Project Enable Africa in collaboration with the United States Consulate, Lagos organised a disability-inclusive reporting training for media organisations and media practitioners with a call on them to increase disability inclusive content in their reportage.

The event, held on the 24th of November via ZOOM had editors and journalists from notable Television, radio, newspaper and online media houses in attendance.

The media plays a vital role in shaping the culture of any society, just as it mirrors society in its entirety. In line with that, disability inclusion advocates have called for increased reporting of disability issues in the mainstream media.

Speaking at the webinar, Mr Stephen Ibelli, Public Affairs Officer, the United States Consulate, Lagos, pointed out that the society is defined mainly by how it treats its poorest populace and those in need of help.

According to him, “Disability right is an important part of Human right and the United States Government is committed to promoting disability rights.”

He dwelt on the need for accessibility to public facilities as an integral part of promoting inclusion.

He further stated that “The Nigerian Disability Act is a great base to build on, however, there is so much work to be done, towards having an inclusive society.”

David Anyeale, the Executive Director, Centre for Citizens With Disabilities highlighted the need for accurate reporting of disability issues in the media.

He mentioned that over the years, wrong words which tend to increase discrimination and stereotypes have flooded the media spaces.

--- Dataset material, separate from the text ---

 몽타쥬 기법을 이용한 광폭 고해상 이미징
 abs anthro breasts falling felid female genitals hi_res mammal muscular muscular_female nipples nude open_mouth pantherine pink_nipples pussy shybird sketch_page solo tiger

He urged reporters to be mindful of the usage of words when reporting.

According to him, “it is better to refer to us as Persons With Disabilities, or physically challenged as opposed to saying crippled.”

Anyeale also drew the attention of the media organisations to the Nigerian Disability Act and the need for implementation.

Miss Folashade Salimonu, Programs Manager, Lagos Television clamoured on the need for continuous education for reporters so they can rightly report disability issues in the mainstream media. According to her media organisations needs to see the need for sign language interpreters for major TV news and programs.

Mrs Angela Emuwa, Chairman board of Punch Nigeria Limited, duly represented by Mrs Adesola Ayo-Aderele, an assistant Editor, Punch Nigeria, urged NGOs such as Project Enable Africa to consider the training of journalist on disability reporting a continuous exercise that will birth a change in reportage across the mainstream media.

According to her, “you must be persistent with the media, because through persistence, the media would be able to shape how people see persons with disabilities. Also be conscious of the way advocacy are made on disability issues. The media must always approach and portray persons with disabilities with dignity”

Mr Bolaji Adepegba, a development communication expert, elaborated on the need for the right thinking and mindset which will help to engage with Persons With Disability with dignity. He added that drawing the attention of policymakers to issues on disability inclusion is key for development.

Giving his closing remarks, Olusola Owonikoko, the Executive Director of Project Enable Africa said “the ultimate goal the project is to build the capacity of media organisations across Nigeria in disability-inclusive reporting. Ultimately, we will create a Media for Disability-inclusive Reporting Network (DIREN), comprising of traditional, print and new media practitioners who will champion disability mainstreaming in the media sector.”

He added that “DIREN will be instrumental to influencing a positive behavioural change towards the community of persons with disabilities in Nigeria.